# Does anyone know how bees are affected from silica dust from a rock quarry?



## Beefriendly (Dec 8, 2013)

I'm looking for any factual information on the effects of silica dust has on honey bees.


----------



## AmericasBeekeeper (Jan 24, 2010)

Welcome!


----------



## Birdman (May 8, 2009)

One of the biggest removal jobs I have ever done, was from a lime stone quarry. They were blasting a couple hundred yards from the tree they was in, never had any problems with the bee's.


----------



## reidflys (Jan 14, 2011)

This really is up my alley because I'm looking out the window at the rock quarry across the road from me.
It is a limestone quarry and it also manufactures asphalt.
You can pm if you have questions, but Im guessing you are pretty close to a creek as well.
Ive had no problems with silica dust and my bees, but it is on my truck every morning.
The limestone quarry will raise the temps of the environment that you are around.
Im normally 5 degrees warmer in my valley with the quarry than two miles away on the road.
It may also be because of the asphalt production though, I don't know.

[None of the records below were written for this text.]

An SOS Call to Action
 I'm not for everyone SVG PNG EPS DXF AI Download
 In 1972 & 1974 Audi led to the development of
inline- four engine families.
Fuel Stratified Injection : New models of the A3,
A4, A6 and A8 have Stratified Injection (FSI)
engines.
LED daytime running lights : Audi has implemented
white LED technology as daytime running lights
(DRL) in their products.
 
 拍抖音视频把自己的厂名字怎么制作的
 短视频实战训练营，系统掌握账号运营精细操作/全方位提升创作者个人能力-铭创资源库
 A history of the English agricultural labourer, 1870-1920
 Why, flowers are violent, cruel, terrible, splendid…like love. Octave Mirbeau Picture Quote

It deserves a study, but my honey never sugars over, and I've wondered if it isn't from limestone,
I have been spreading borage around the quarry (look up seed bombing)
they are the best neighbors I could hope for. There just grateful I don't complain about blasting,
and I'm glad they let so much area go to weeds, and don't complain about the bees.
Also I love being out at the bees when the blast (go watch it, its like an atomic wave)

Consider yourself lucky, I do with my quarry neighbor

I could tell you a hundred other things about your quarry environment, 
but the biggest is make your own queens, your environment is a complete anomaly from your region


----------



## Beefriendly (Dec 8, 2013)

Thank you for your post. That is the first time I've heard anything good about a quarry. This will be a granite quarry. I like the tip on spreading seeds, good idea.


----------



## Lburou (May 13, 2012)

riedflys, I'll bet you make a mean glass of lemonade!


----------



## reidflys (Jan 14, 2011)

I laughed about the lemonade,our water is a bit like tang in consistency, I hope this file uploads 
The rock pile in the back is everchanging
I want to make cards, but probably won't get to it, I was thinking

"Merry Christmas from my industrial waste land to yours!"

There's a new dump in our city and I've wondered about putting bees on that too, don't tell no one!


----------



## KQ6AR (May 13, 2008)

That size dust particle would knock the varroa mites off the bees, far from the hive.


----------



## Beefriendly (Dec 8, 2013)

Actually, bees like dumps. I guess it's the sugary foods thrown away.


----------



## Beefriendly (Dec 8, 2013)

Are you serious? About the varroa mites?


----------



## KQ6AR (May 13, 2008)

Any fine dust like powdered sugar will cause mites to loose their grip.


----------



## Virginiaisforbees (May 12, 2015)

I've been looking online to see why bees are attracted to limestone and if it's good for them. We had a bag of lime granules open outside and my bees from the hive were on the bag today. It also rained so maybe they were just getting the water off the bag? I don't think so because they could have gotten rain off of leaves everywhere.


----------



## minz (Jan 15, 2011)

Maybe they are mason bees! 
Sorry I held off as long as I could before posting the cheesy humor.
:lpf:


----------